That is a parody of a very thoughtful note that came into TWN this morning from a loyal reader regarding Jeffrey Gedmin’s pending “rumored” nomination as one of John Bolton’s right-hand people at the U.S. Mission to the United Nations.
Gedmin, while a self-described spear-carrier for the neoconservative movement, is a very personable and smart guy. We run in a lot of the same circles — and folks that know both of us are divided 50/50 on whether he is appropriate for John Bolton’s close staff. I am opposed — not because of Gedmin — but because Bolton wants to get a number of “Mini-Me’s” into place in the State Department and elsewhere. To have two senior neocons at the U.N. is simply a mistake.

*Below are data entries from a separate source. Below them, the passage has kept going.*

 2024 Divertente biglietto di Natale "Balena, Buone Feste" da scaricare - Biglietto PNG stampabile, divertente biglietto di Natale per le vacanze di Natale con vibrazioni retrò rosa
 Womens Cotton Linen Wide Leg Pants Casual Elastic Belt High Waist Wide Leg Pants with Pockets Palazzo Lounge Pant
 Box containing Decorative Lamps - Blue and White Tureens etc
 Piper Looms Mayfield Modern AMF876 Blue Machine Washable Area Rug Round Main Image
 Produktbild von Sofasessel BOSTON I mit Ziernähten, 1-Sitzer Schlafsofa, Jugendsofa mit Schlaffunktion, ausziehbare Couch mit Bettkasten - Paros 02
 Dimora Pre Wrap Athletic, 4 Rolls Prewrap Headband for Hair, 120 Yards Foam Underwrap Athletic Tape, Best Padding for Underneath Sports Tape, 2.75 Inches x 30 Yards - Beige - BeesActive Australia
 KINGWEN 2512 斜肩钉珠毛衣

Gedmin is somewhat of a protege of former National Review editor (and now NR editor-at-large) John O’Sullivan — and Gedmin is responsible for including me in some of the most stimulating foreign policy meetings I have attended, including the Congress of Phoenix at which I hung out with Margaret Thatcher for what seemed to be an inappropriately long period of time over a weekend given her stature then. (Lady Thatcher is now being queried about “other company” she has kept of late.)
There has been some confusion as to whether Gedmin is being brought by Bolton into the “Deputy” job at the U.N. or as “Representative for Special Political Affairs.” The Deputy spot is traditionally reserved for career foreign service officers who have an intimate understanding of the micro-policy coordination required between America’s U.N.-deployed mission, which is a very large operation, and the work done in various bureaus at the State Department in Washington. The “Representative for Special Political Affairs” is, well, political.

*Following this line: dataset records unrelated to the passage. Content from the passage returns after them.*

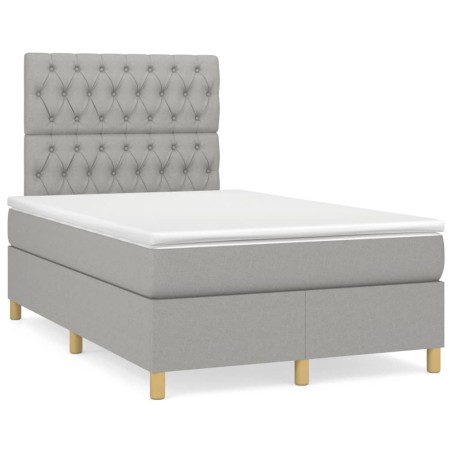 vidaXL Cama box spring con colchón tela gris claro 120x190 cm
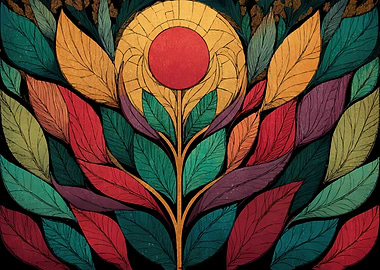Art Nouveau Floral Illustration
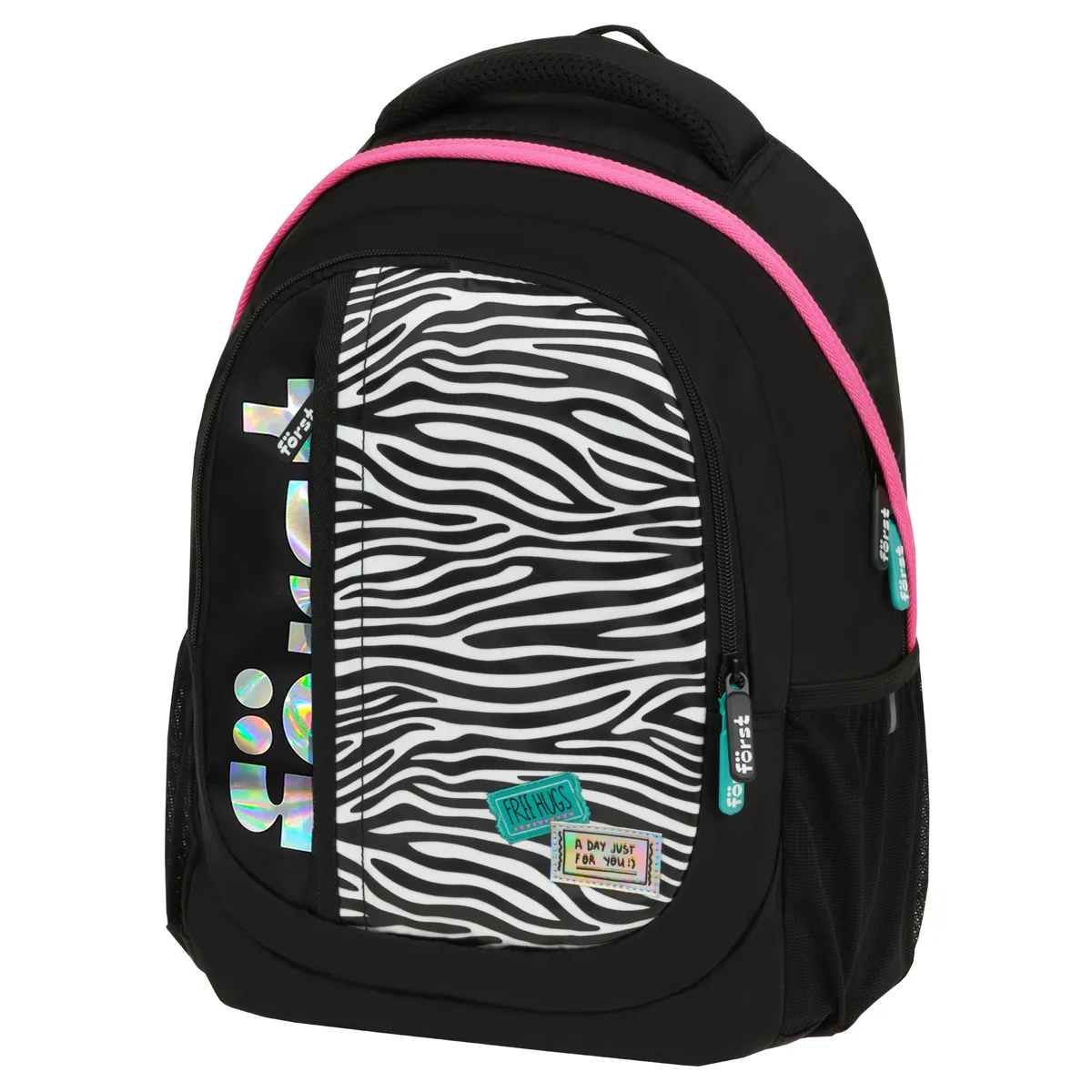 Рюкзак Först F-Trend "Fashion zebra" 40*29*18 см, 2 отделения, 3 кармана, эргономичная спинка
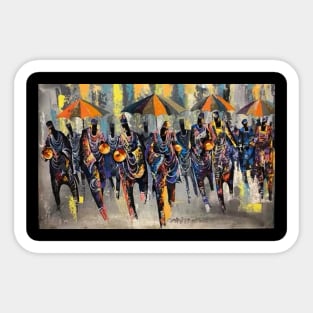 African Artwork, African People, Music and Dancing Sticker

Most of those who have spoken to TWN about what they know refer to the “Deputy” job when referring to Gedmin’s aspirations, but they may be making a mistake in nomenclature.

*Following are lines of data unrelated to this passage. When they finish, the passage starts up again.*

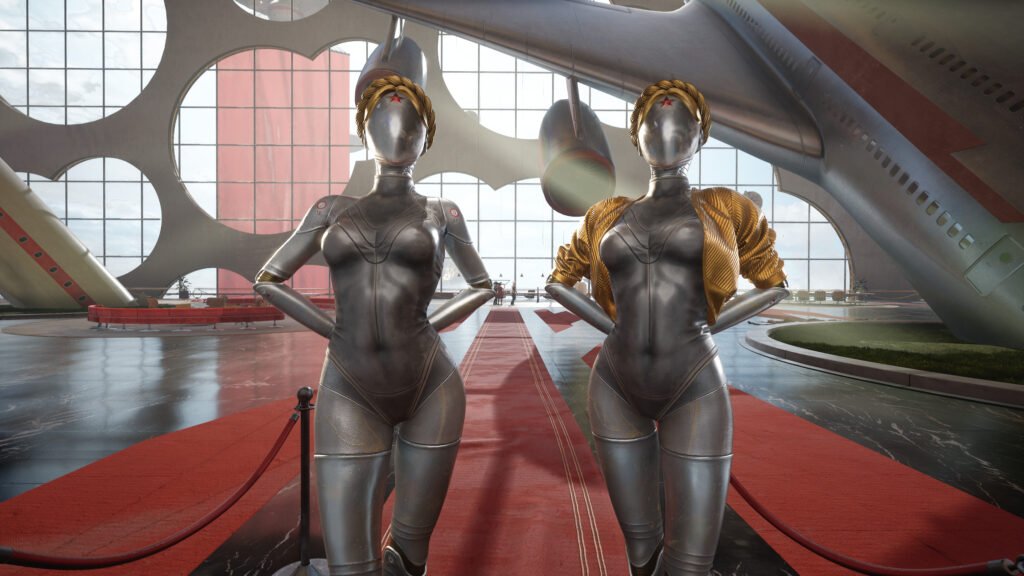 Atomic Heart ballerina robots standing in futuristic lobby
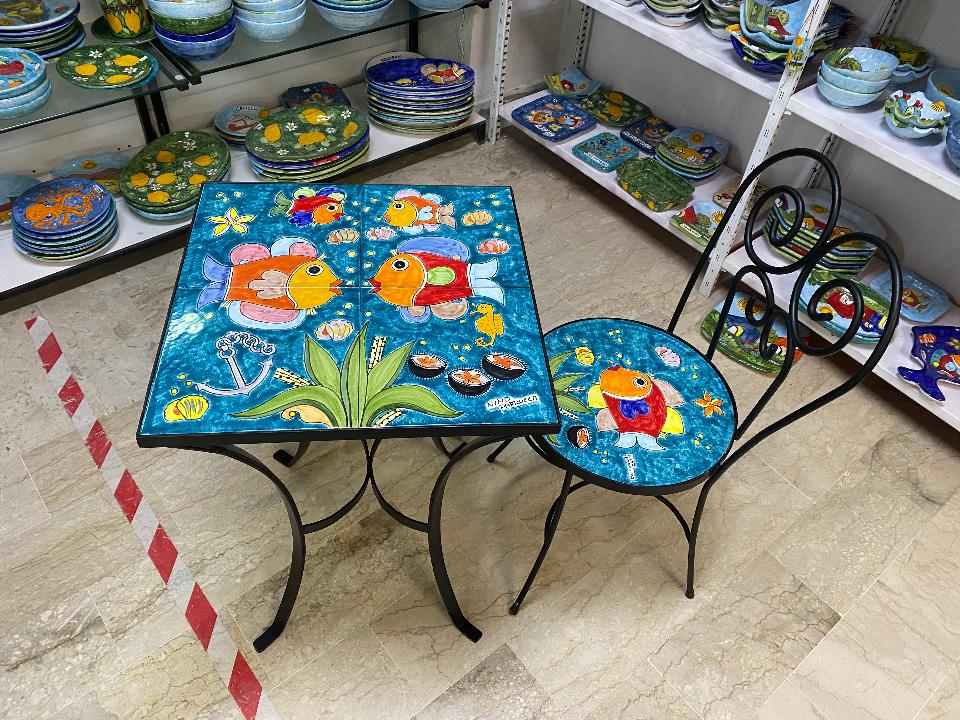 Set tavolo quadrato e sedie da giardino - Fondale marino Nino Parrucca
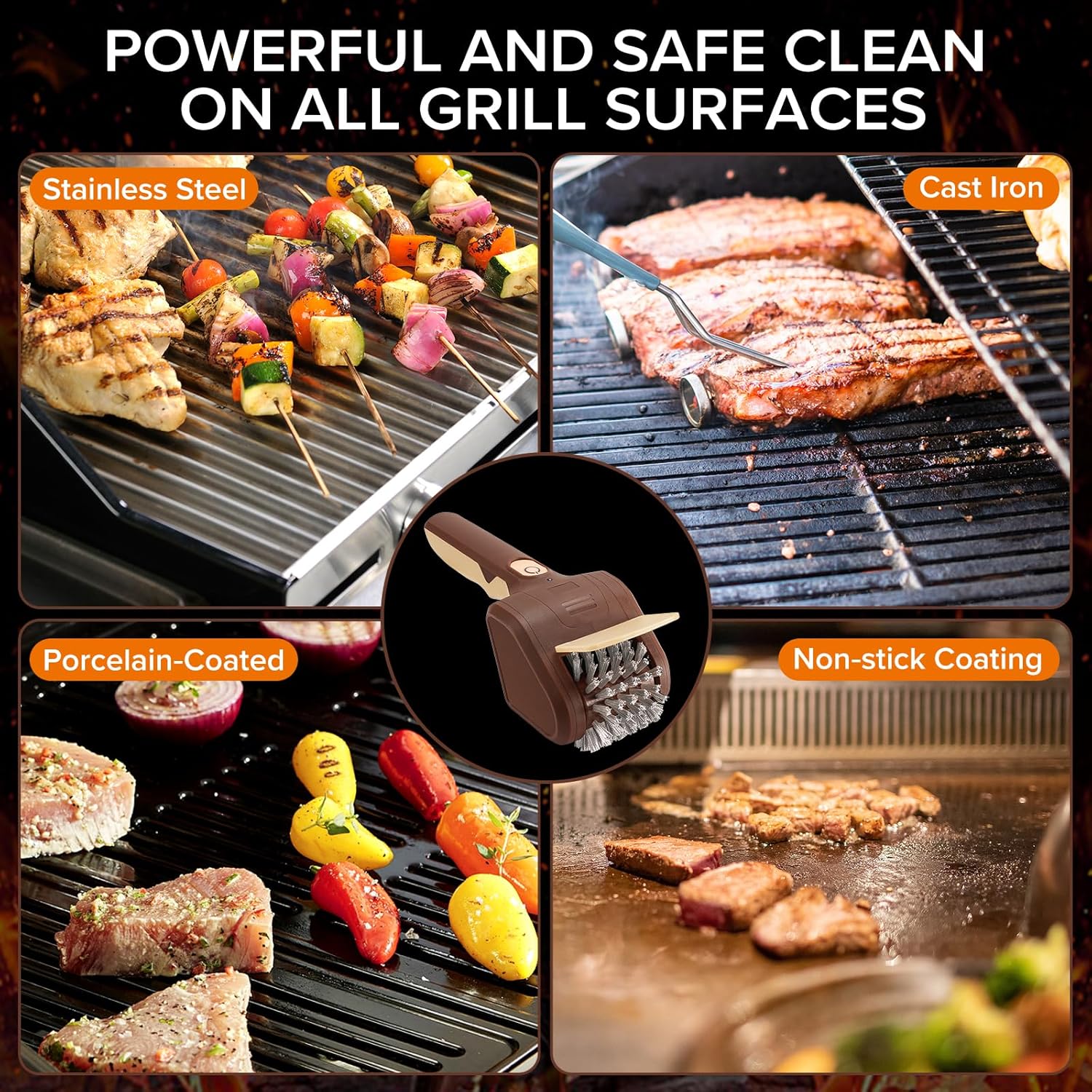 Cordless Electric Grill Cleaning Brush with Stainless Steel Scraper, Rechargeable BBQ Accessories
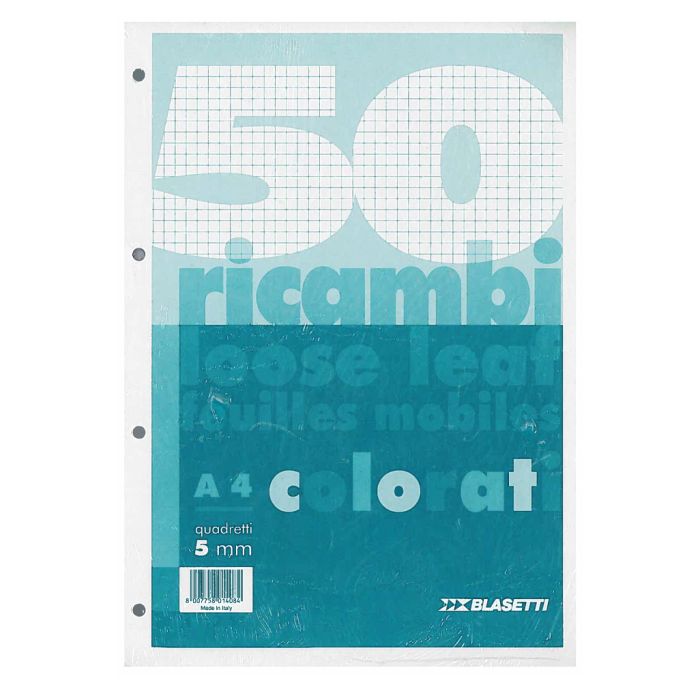 Vložni listi A4 za dislektike barvni mali karo 50 listov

However, Kenneth “Iraq will be a Cakewalk” Adelman served as Deputy Permanent Representative to the U.N. during the Reagan administration. And according to one TWN loyal reader who himself was a former senior-level American national security official, “Ken was as noxiously partisan as political appointees can get.”
It is interesting to note that Kenneth Adelman was one of the seven officials in American history whose nomination (as Director of the Arms Control & Disarmament Agency) went to the floor of the Senate without recommendation from the respective Senate Committee. John Bolton’s nomination as Ambassador to the United Nations was one of those seven as well.
Someone wake up Secretary Rice. If John Bolton is out there paving the way for ideological fellow-travelers like Jeffrey Gedmin, she should know about it. And if she does — what is she thinking?
For those of you who don’t get the importance of John Bolton bringing in Jeffrey Gedmin to his team, imagine an alternative universe where Ralph Nader was appointed (but not confirmed) to serve as U.S. Ambassador to the United Nations.
Shortly after that, Ambassador Nader began to work the machinery so that Michael Moore became Deputy Permanent Representative to the United Nations.
Some readers out there might love that alternative universe — but stacking the deck so strongly in one ideological corner — is bad for American interests.